A model of community pride

When 4th and 5th graders in Mishawaka, Indiana, decided to clean up a messy watercourse near their school, they asked their parents and grandparents to help.

To people young and old who visited the stream and surrounding 100-acre woods one Saturday in the fall of 1995, a vivid contrast between past and present began to emerge. Kids who played in the area knew its foul disorder: trash of all types including tires and plastic jugs of crankcase oil; clots of unidentified chemical waste; two large sedans, rusty relics of the early '70s, moldering in muck.

Older folks recalled times when Willow Creek was prettier and more hospitable to native deer, birds, rabbits and squirrels. Second-growth stands of fir, sassafras, oak and hickory were not much good for lumber, but they were perfect dwelling places for cardinals, blue jays and robins. Wood ducks skimmed the waterways. Brown trout and steelhead flicked in underwater shadows.

Mishawaka is a city of 50,000 not far from this undeveloped area. Saddened at what the place had become, the student clean-up crew set to work -- and rather than go in with a tractor or 4-wheel drive vehicle to remove debris (an approach that would break saplings), they used draft horses pulling a lightweight mud boat. In this manner they hauled off many loads of refuse.

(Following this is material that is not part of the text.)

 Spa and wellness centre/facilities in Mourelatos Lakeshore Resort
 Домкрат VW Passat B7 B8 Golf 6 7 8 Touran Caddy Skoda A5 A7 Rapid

Follow-up work received scant attention until the following spring when teachers involved won a hefty grant. At a National Science Teachers Association meeting in Baltimore in November, fourth-fifth grade instructor Kathy Dempsey learned that for the first time elementary schools could compete for Toyota's well known "TAPESTRY" awards. Elsie Rogers Elementary School principal insisted that Dempsey try for one. She began writing on Christmas Eve, a month before the application deadline.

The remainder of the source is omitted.